Não saber teria o título de pior saudade disponível no mercado, caso o IBGE, o Ibope ou o InMetro resolvessem catalogar os graus desse lamento tão brasileiro. Achar perdida nas almofadas do sofá uma correntinha barata rende um sonho agonizante com aquele que o doutor mandou esquecer. Aí danou-se. Você acorda cinza, com um caroço de manga no diafragma, se perguntando como anda fulano.

Joga com as armas que tem. Como Sherlock Holmes, não resiste e invade as redes sociais atrás de indícios da assobiante existência dele longe do seu domínio. Sua vontade é encontrar fotos obscuras, de alguém condoído, posto a mudar-se para a Transilvânia, sentindo uma aparente falta sua como fosse você tão imprescindível quanto os quatro incisivos da arcada dentária. Que nada! Olha ele na praia indo buscar o frisbee. Olha ele bebendo duas latas de cerveja de uma vez. Olha ele abraçado numa vaca. Você olha, olha, olha, mas não vê. O sexto sentido de mulher capta algo intraduzível naquele semblante congelado. Elementar, minha cara. O não saber.

Não saber se ele ainda usa aquela camiseta dos Rollings Stones para dormir, se começou a fumar, que dia finalmente vai receber o canudo de jornalista, se colocou o prometido piercing na língua, se voltou a escrever poemas e se escreveu algum com seu nome. Ou talvez, se pensa um pouquinho em você sempre que vai ao cinema antes de comer sushi.

Aflitivo é não ter a menor noção se ele tem ficado doente, se insiste com a mania simples de andar de havaianas, tanto faz se indo à praia ou jantar na casa da sogra. Não saber se ele fez novos amigos, conheceu outros lugares ou ainda frequenta aquele pub inglês. Não saber se já deu flores, andou de mãos dadas com alguma menina, se esqueceu o sexo de vocês dois, se a vida dele continua ou se ele olha pra trás de vez em quando.

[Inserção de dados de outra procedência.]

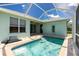 Backyard pool area under screened enclosure with brick-paved decking at 2241 Boxwood St, North Port, FL 34289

Torturante é saber que seguem o mesmo número de telefone, o nome da rua, o jeito de menino, o humor incorrigível, o abraço que aquecia, a mordida na orelha que resfriava ou o choque térmico que acometia sua dorsal com aquele sorriso breve. O que, pensando bem, seria melhor nem lembrar. Ou, se não for pedir muito, também não saber.